Phil warns people to safeguard themselves. He told me he was lucky to have disability insurance, but he wishes he did more. The stats agree with Phil, because one in three Canadians will experience a period of disability lasting longer than 90 days during their working lives.

Here are some steps you can take to prepare yourself for a possible disability:

Know where you stand. A budget is nothing more than a snapshot of money coming in and money going out. Use a budgeting app or old-fashioned pen and paper and find out exactly what your money is doing.

Adjust your spending. Once you have completely audited your spending, the results might surprise you. Find areas where you are spending too much, and try to make cuts. In the event of a sudden disability, you will probably find that your expenses far outweigh your income, so it's best to try to close that gap as best you can. Restaurants, cable packages, and cell phone plans are good places to start.

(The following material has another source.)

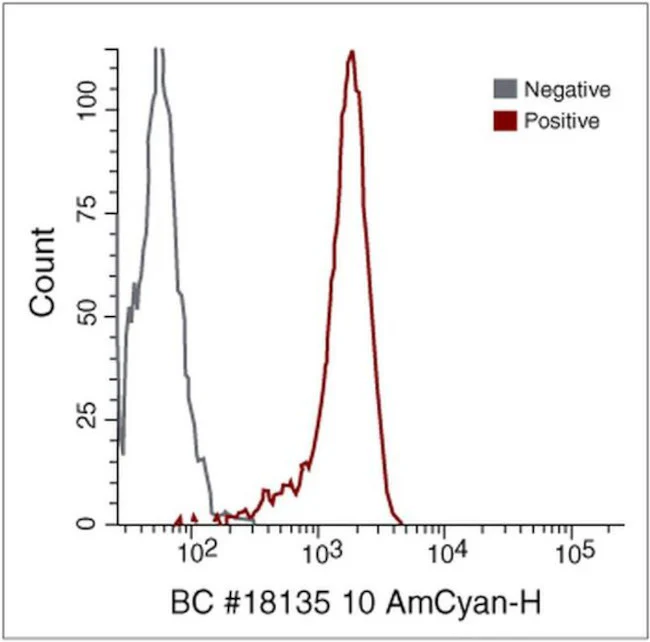 CD45 Monoclonal Antibody (HI30), Pacific Orange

Disability insurance. If your employer offers disability insurance, make sure you fully understand the terms and coverage. If you don't receive disability insurance from your work place, speak with an insurance provider -- coverage can be affordable and invaluable.

Stay healthy. There are some disabilities that we simply cannot protect against, but there are many that we can. Exercise, eat right, and quit smoking, and you'll prevent a lot of problems while increasing your quality of life. Healthy living not only benefits the body but the mind as well.

Get help. If you are treading water with your debts while healthy, a disability will most certainly cause you to sink. Talk to a financial advisor or a trained credit counsellor to find out the best way to get financially healthy.